Over the years, there have been countless solutions that focused on one piece of the puzzle or dictated a specific program.
These, and other more thoughtful approaches, have not gained traction. This is often because of the self-interests and objections of a few.
So, here’s one more stunningly noncontroversial idea: We need to find a solution to litter pollution that is workable for everyone involved in selling, tossing, and collecting the items that, today, become litter. Workable doesn’t necessarily mean frictionless or free—after all, this is a big problem and it’ll take compromises on all sides.
To find such a solution, Tennessee Wildlife Federation has created a collaborative path forward with Tennessee CLEAN, and we invite all stakeholders to join us in finding new solutions to keep Tennessee clean.
Tennessee CLEAN is designed to start the conversation about what a comprehensive litter pollution solution could look like. Its coalition of supporters propose litter reduction goals that would be met under the leadership of a Tennessee CLEAN Commission. The Commission itself would be made up of leaders from agriculture, retail, manufacturing, single-use plastic distributors, local government, and conservation, among others.

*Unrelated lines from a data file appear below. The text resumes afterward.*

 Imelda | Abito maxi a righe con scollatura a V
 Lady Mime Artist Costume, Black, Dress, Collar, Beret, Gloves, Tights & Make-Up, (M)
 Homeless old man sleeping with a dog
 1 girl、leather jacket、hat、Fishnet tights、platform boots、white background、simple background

In June, Tennessee CLEAN successfully secured a unanimous vote from the Tennessee Advisory Commission on Intergovernmental Relations (TACIR) to conduct a first-of-its-kind, comprehensive litter study. This marks the first fresh progress on statewide litter control in a generation.

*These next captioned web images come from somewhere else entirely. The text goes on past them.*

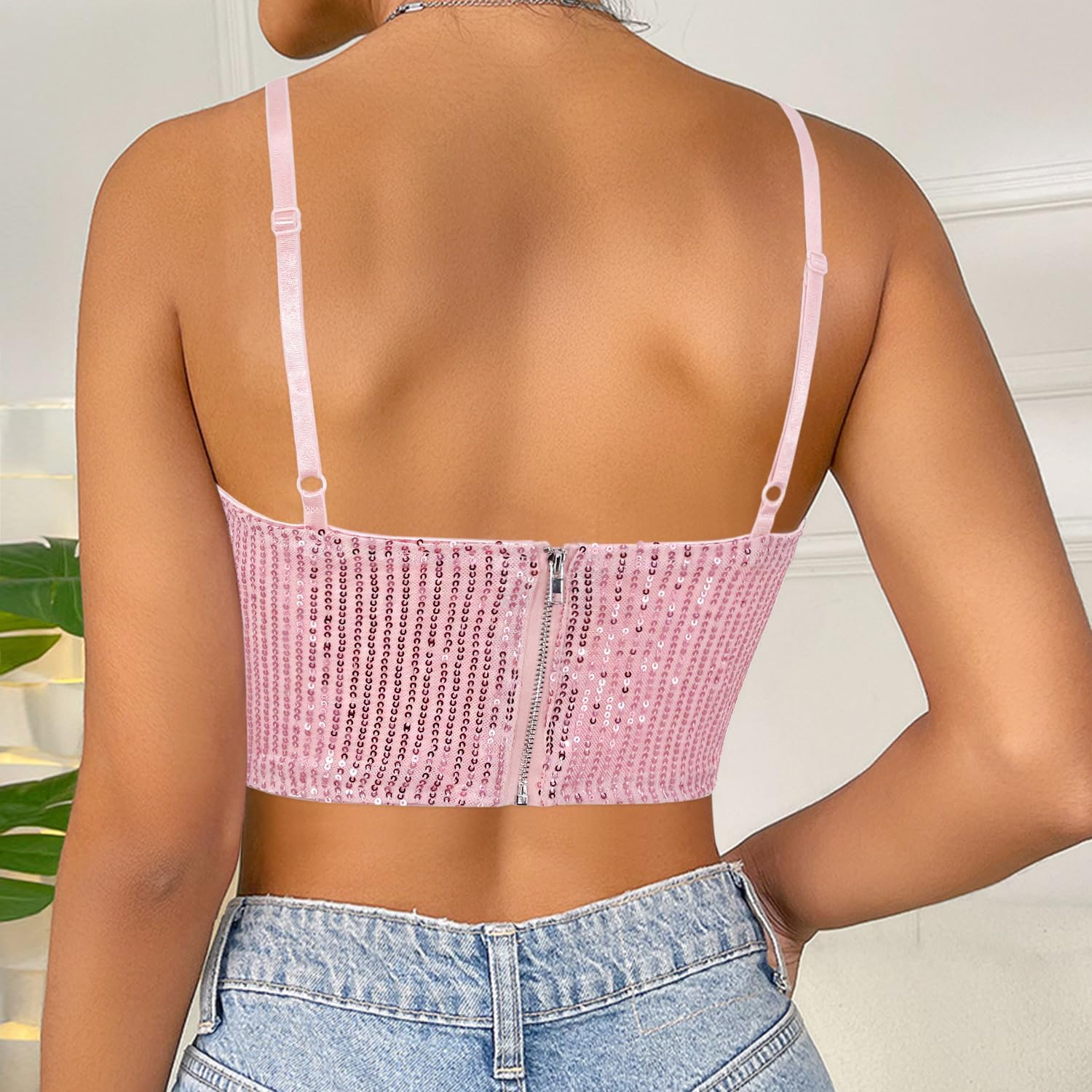 Naimo Women's Sparkle Sequin Crop Top Sleeveless V Neck Spaghetti Strap Tank Tops Vest Party Rave Shimmer Camisole - Image 3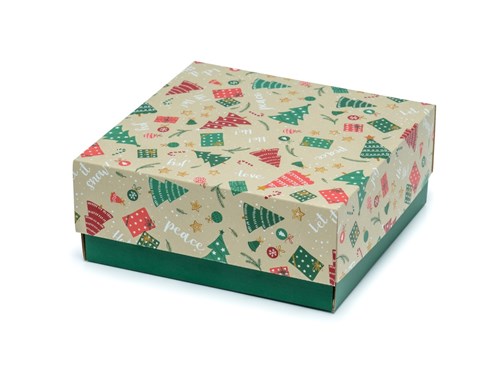 Pudełko świąteczne 200x200x85mm Choinki Wieko+Dno
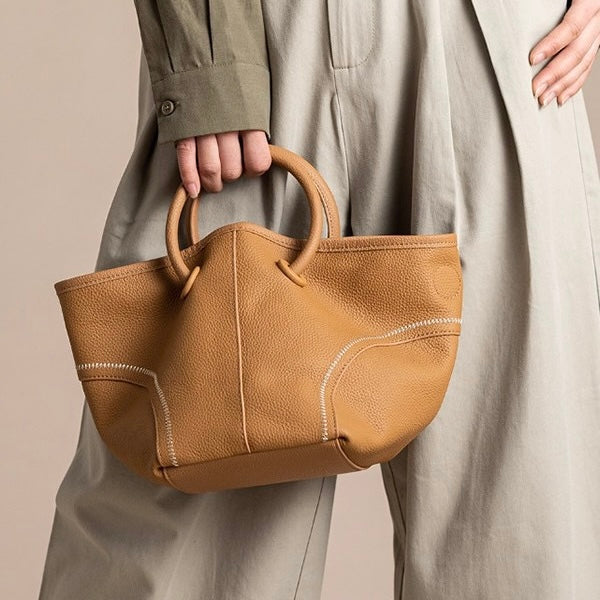 Full-grain leather bag|niche commuter tote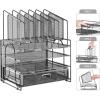 imageMarbrasse Desk Organizer with Drawer 4Tier Mesh Desk File Organizer with 5 Vertical File Holders and 2 Pen Holders Multifunction Desktop OrganizerGray Vertical File Folder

TACIR is effectively the research arm of the Tennessee General Assembly. It is a nonpartisan body made up of 25 commission members who are private citizens and public officials representing all levels of government.
Its study will explore topics such as the sources and composition of litter, financial and environmental costs, economic opportunities of recovering waste, the effectiveness of existing efforts, and proven solutions to recover litter. This will illuminate paths forward to fixing our litter problem.
If stakeholders choose to engage and work together, we have the potential to reduce the burden of the $19 million in tax dollars spent on cleanup every year. We can reduce the estimated $60 million in annual damages farmers experience. We can create a stream of much-needed recycled material for manufacturers to grow industry and jobs. Tourism can be buoyed, residents can have cleaner water, and quality of life can go up.